Proposition de la commission

Titre

Dispositions d'exécution

Texte

Concernant le système d'information "Antibiotiques", le Conseil fédéral fixe les modalités concernant:

a. la structure et le catalogue des données, y compris pour la partie du système utilisée par les cantons;

b. les responsabilités en matière de traitement des données;

c. les droits d'accès visés à l'article 64d, et notamment l'étendue des droits d'accès en ligne;

d. les mesures techniques et organisationnelles nécessaires pour garantir la protection et la sécurité des données;

e. la procédure régissant la collaboration avec les cantons;

f. les délais de conservation et de destruction des données;

g. les modalités d'archivage;

h. les modalités de l'obligation d'annoncer à laquelle sont soumises les personnes qui distribuent, prescrivent, remettent ou utilisent des antibiotiques; les détenteurs d'animaux ne sont pas soumis à cette obligation;

i. les modalités d'obtention de données concernant le corps vétérinaire tirées du registre des professions médicales selon les articles 51 à 54 de la loi du 23 juin 2006 sur les professions médicales.

Art. 64f

Antrag der Kommission

Titel

Gebrauch des Informationssystems Antibiotika durch die Kantone

Text

Die Kantone, die das Informationssystem Antibiotika für ihre eigenen Vollzugsaufgaben nutzen, sind verpflichtet, für ihren Bereich gleichwertige Datenschutzbestimmungen aufzustellen und ein Organ zu bezeichnen, welches deren Einhaltung überwacht.

Art. 64f

Proposition de la commission

Titre

Utilisation du système d'information "Antibiotiques" par les cantons

Texte

Les cantons qui utilisent le système d'information "Antibiotiques" pour leurs propres tâches d'exécution sont tenus de réglementer la protection des données de manière uniforme pour leur domaine et de désigner un organe qui surveille le respect de cette réglementation.

Maury Pasquier Liliane · Mit-F · Ständerat · Genf · Sozialdemokratische Fraktion

Par la motion Heim 12.4052, "Résistance aux antibiotiques. Stratégie 'Une seule santé' dans les domaines de la médecine humaine et de la médecine vétérinaire", le Parlement a chargé le Conseil fédéral d'aborder le problème de l'utilisation d'antibiotiques et de la résistance aux agents antimicrobiens dans le cadre d'une stratégie commune aux domaines de la médecine humaine et de la médecine vétérinaire et d'élaborer les bases légales nécessaires.

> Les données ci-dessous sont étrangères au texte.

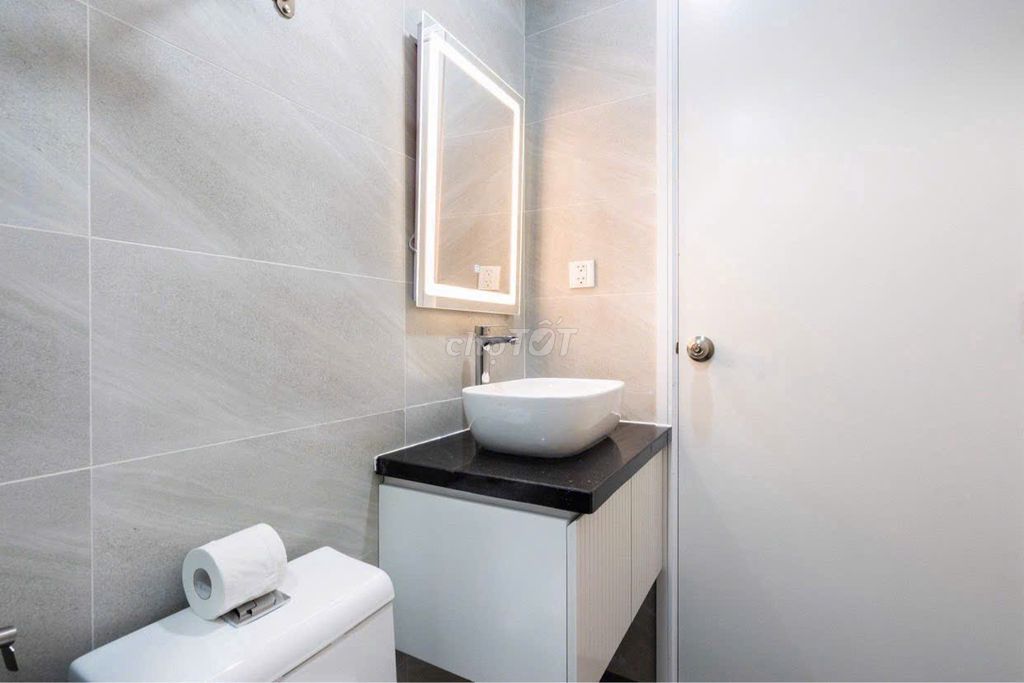Rent an apartment studio full of furniture for only 13 million a month.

La progression de la résistance aux antibiotiques représente aujourd'hui un risque sérieux à très sérieux pour la santé publique. Même si la Suisse n'est pas le seul pays concerné et qu'elle ne peut agir seule, il semble important de prendre en considération la question de l'utilisation des antibiotiques en médecine vétérinaire dans le cadre de la révision de la loi sur les produits thérapeutiques, car cette utilisation a des répercussions importantes sur le développement de la résistance aux antibiotiques en médecine humaine.

On sait par exemple qu'en 2012, 57 tonnes de substance active d'antibiotiques ont été utilisées dans la médecine vétérinaire des animaux de rente. Le Conseil national ayant refusé une première proposition d'intégration de cette question dans la loi, le Conseil fédéral nous a soumis une nouvelle proposition. Il ne s'agit en effet pas d'interdire toute utilisation d'antibiotiques pour les animaux: les vétérinaires doivent pouvoir traiter un animal malade avec la quantité suffisante d'antibiotiques pour toute la durée nécessaire. Il ne s'agit pas non plus de limiter la liberté thérapeutique des vétérinaires: la mise en place d'une base de données sur les antibiotiques sert à la surveillance, qui doit permettre d'atteindre les buts généraux de protection de la santé publique.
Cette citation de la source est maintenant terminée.